I am a security researcher currently working on checking cheap wifi routers for critical vulnerabilities. Ask me anything.
Hi Reddit! Mantas Sasnauskas here.
EDIT: Thank you guys for the interest. I'm going to take a break now. I'll make sure to come back tomorrow and answer remaining comments. So keep them coming.
EDIT2: Hey! I’m back and will slowly answer some of the remaining questions throughout this day. I see a lot of you asking about routers (you probably personally use) and their security. We tested Wavlink and Jetstream ones so far so I can’t really comment on other brands. Also, there are quite a few questions about custom router operating systems. Personally, I use pfsense with snort and run pi-hole.
I’m an information security researcher hunting for new and emerging threats. I do everything from Threat Hunting to hardware hacking.

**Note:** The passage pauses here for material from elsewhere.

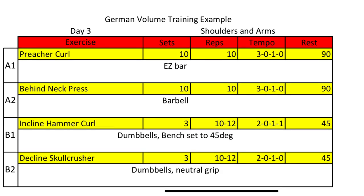Day three is shoulders and arms. A1 starts out with preacher curl using the easy curl bar. A2 is behind-the-neck press — standing with a barbell in a rack position, just pushing it up over your head. Be careful coming down so you don't crack yourself in the back of the head. B1 is incline hammer curls sitting back on a bench at a 45-degree angle. B2 is decline skull crushers — lay on a decline bench, grab two dumbbells in a neutral grip, bring them down beside your ears, then extend the elbow so your arm is straight overhead.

Commercial gadgets are now cheaper and more plentiful than they’ve ever been. As security researchers, by trying to alter the technology’s behaviour and capabilities, we probe and evaluate the security of technology developed by others to see how much has been done to ensure their privacy and security.
In our recent investigation in collaboration with researchers James Clee and Roni Carta we identified hidden backdoors in cheap Chinese-manufactured Jetstream and Wavlink wifi routers sold by Walmart, Amazon and eBay, with evidence that these backdoors are being actively exploited, and there’s been an attempt to add the devices to a Mirai botnet.
- We found multiple RCE vulnerabilities, that enable bad actors to exploit them
- We identified backdoors on some of the devices
- The Wavlink routers also contain a script that lists nearby wifi and has the capability to connect to those networks
- After setting up a small, trivial honeypot that intercepts the traffic with the router, we immediately saw attempts from a Chinese IP to upload a malicious file containing the Mirai malware which was not made for the specific router, but rather just shows, that malicious attempts are being made on a mass scale, and considering the vulnerabilities and the backdoor on the routers it poses a very real risk, that these might also be exploited.
Want to know how the routers were investigated? The vulnerability identification and disclosure process? Or just discuss what such backdoors in wifi routers mean for their users?
I’ll be here 3-5 PM UK time today but will endeavour to answer follow up questions over the next couple of days.
This AMA is part of our efforts to spread the word about cheap wifi routers that allow spying on its users. Check out the full report here.
So far, we’ve managed to contact Walmart about the affected devices, and Walmart has stopped selling one affected router. However, we believe that most or all devices from this brand have the same vulnerabilities. Wavlink, one of the device makers, has released new firmware to address the security issues our research exposed. While we have not yet confirmed these modifications with our own testing, they claim to have removed unnecessary diagnostic pages, deleted tcdump tool, added code to block a CSRF attack, and improved web authentication process. If all of these can be confirmed and reflected in the firmware, it should mitigate all the vulnerabilities we discovered.